Today, reflective telescopes are more popular than refractive telescopes – to be discussed in the next section. The largest refractive telescope, built in 1897, is housed in the Yerkes Observatory in Williams Bay, Wisconsin. Its primary lens has a diameter of 1.02 meters. It is no longer used, though there are efforts underway to restoring the observatory.
Reflective Telescopes
Newton is typically credited with the first practical reflecting telescope in 1668. Others, Galileo included, had already proposed the idea of reflective telescopes. James Gregory had suggested his Gregorian telescope in 1663 with a parabolic primary mirror containing a hole in the middle allowing light to pass to an elliptical secondary mirror. The Newtonian Telescope featured a concave primary mirror and a slanted flat mirror that directed the image through an eyepiece to view. In 1672, the Cassegrain telescope was designed. It featured a convex mirror that would reflect light back through the primary mirror’s hole.

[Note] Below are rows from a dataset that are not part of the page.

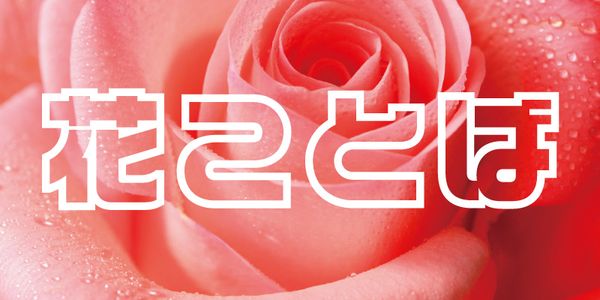 Card displaying VDL-LogoJr Pop typeface in various styles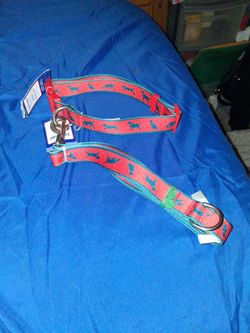 Dog leash and collar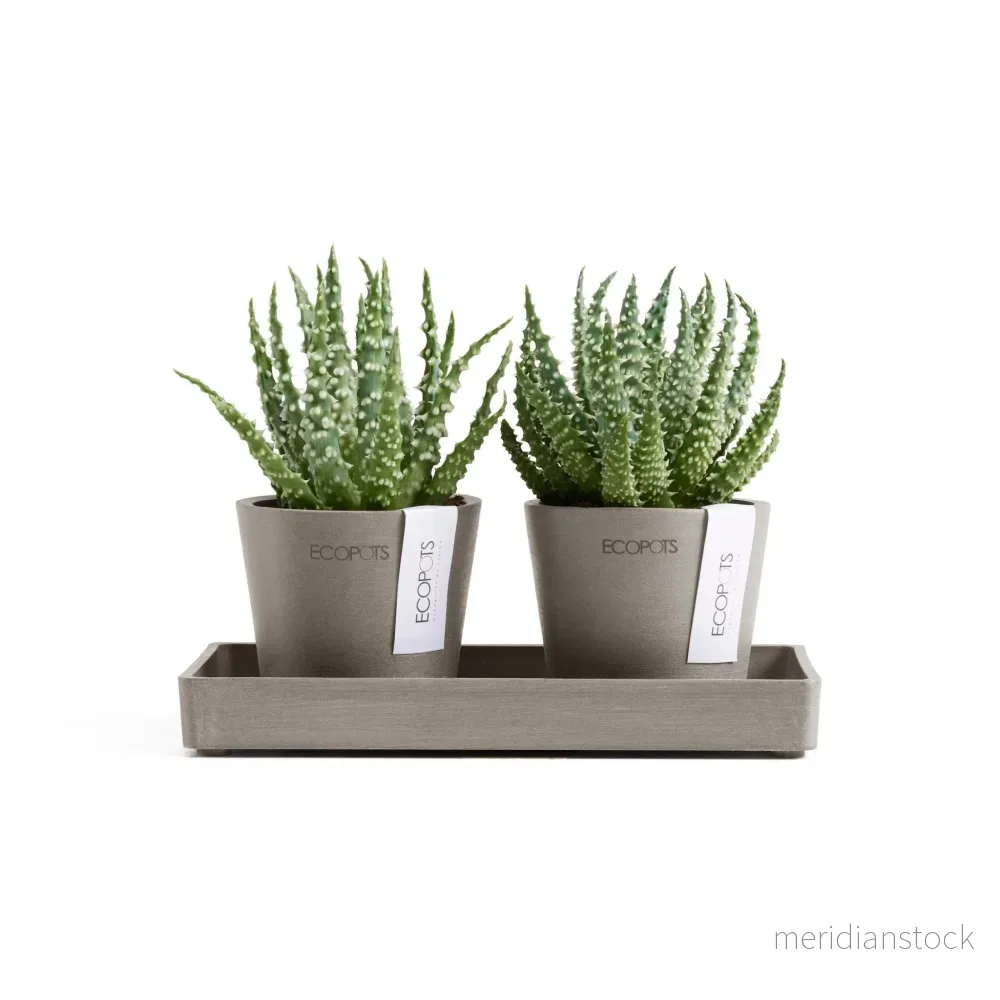 Kruka Amsterdam 8cm 2st & presentationsbricka 20cm taupe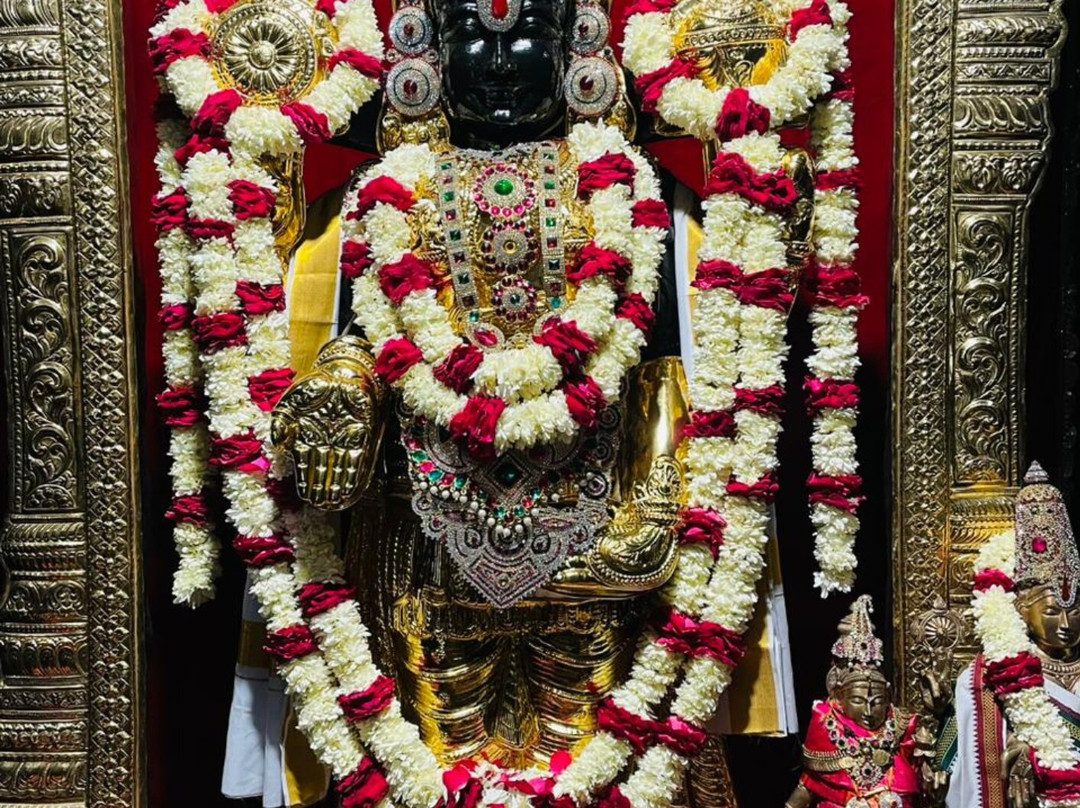 Sri Vijaya Venkateswara Tirupati Balaji Dhaam景点图片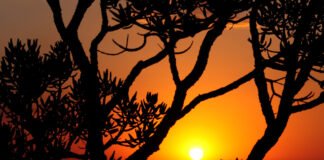Concurso de redação destaca impacto das mudanças climáticas nos biomas Cerrado e Amazônia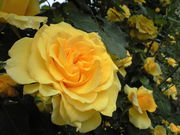 ݁[т̈{،̃o̓eʐ^1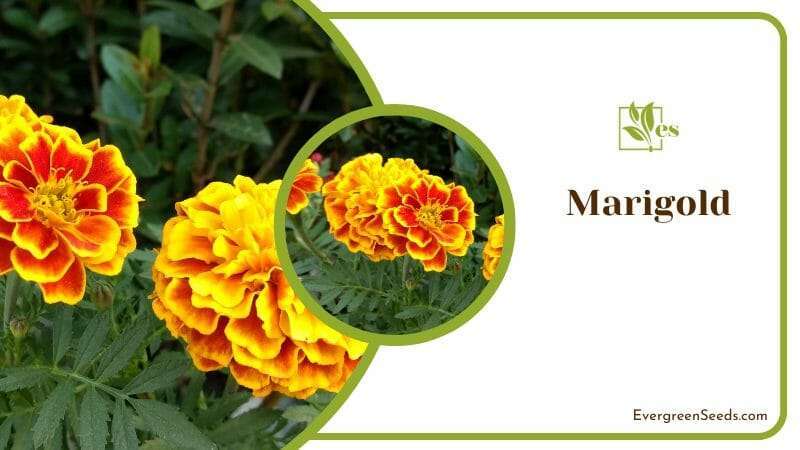 Yellow-orange Marigold Flower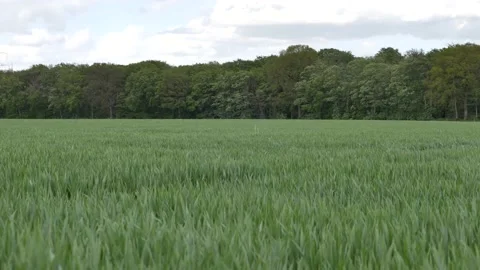 Wind blowing across agicultural field. Stock Footage 154498991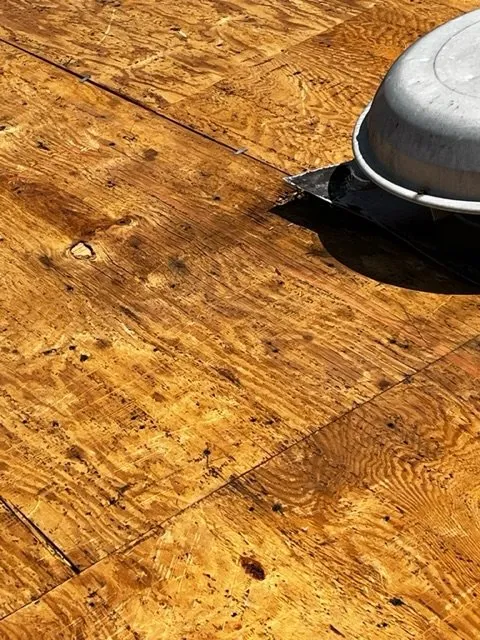 Custom yard maintenance for outdoor upgrades in Gautier, MS by Rabbitts Landscaping and Home Repair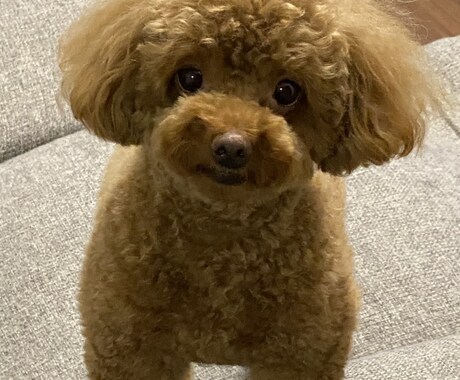 お話しを聞いて貴方を幸せにします 話しを聞いて幸せにする力を持っています❣️ イメージ2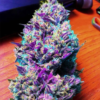 Purple Kush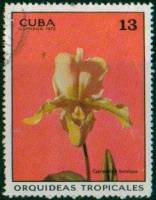 (1972-014) Марка Куба "Буколический башмачок"    Орхидеи III O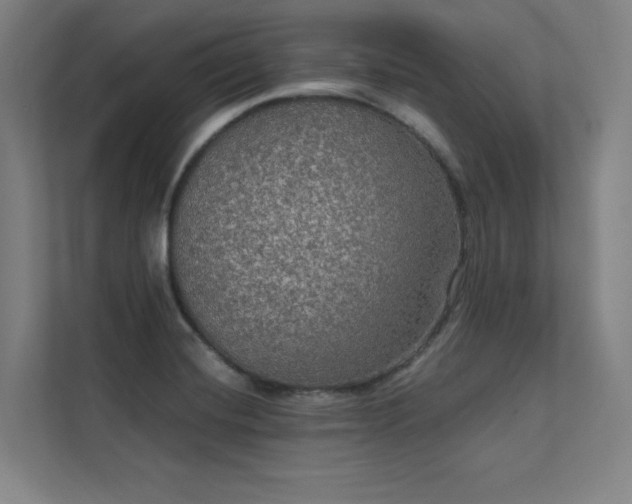 X0000112001420200908101313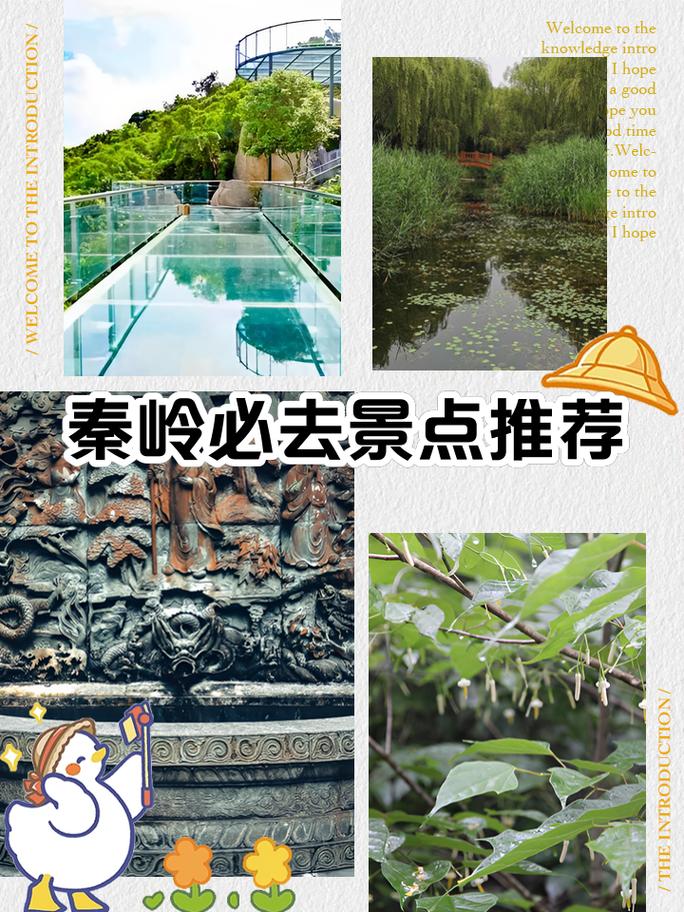 秦岭旅游攻略景点必去，秦岭旅游景点大全 秦岭旅游景点介绍-第6张图片-微云百科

Using reflective elements instead of refractive ones solves the problem of chromatic aberration. Reflective elements also did not suffer from poor glass quality that plagued some telescope lenses at the time. While the reflecting telescope had some advantages, refracting telescopes still dominated until technology improved. In Newton’s time, silvered mirrors were not of high enough quality to be used in telescopes, and early telescopes used mirrors made of a copper-tin alloy. It was also difficult to shape the mirrors to the proper curvature, especially since mirrors by nature are twice as sensitive as a refractive element of the same type.
Modern Day Telescopes
The Ritchey- Chrétien telescope was designed in 1910. It features parabolic mirrors that correct for both coma and spherical aberrations and provides a wide field of view. The telescope’s drawbacks include being susceptible to astigmatism and field curvature. Even still, the Ritchey-Chrétien setup is used for most professional research telescopes including the Hubble Space Telescope and the Keck telescopes.
With more modern advancements in optical design and adaptive optics, image quality has improved. Telescope mirrors are now produced thinner and larger than before.

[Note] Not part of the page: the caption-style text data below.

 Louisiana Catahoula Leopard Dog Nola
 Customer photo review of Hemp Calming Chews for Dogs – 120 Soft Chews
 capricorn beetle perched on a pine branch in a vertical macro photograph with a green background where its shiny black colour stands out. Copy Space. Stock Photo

The Keck telescopes feature numerous hexagonal mirrors as pieces that fit together to create one large mirror. The Giant Magellan Telescope (presently under construction) features adjustable, slightly deformable single-piece mirrors for improved image quality. The underside of the mirrors also feature a honeycomb patterned support system. Currently, the largest reflective telescope in operation in the world (by optical aperture) is the Large Binocular Telescope located on Emerald Peak in Stafford, Arizona.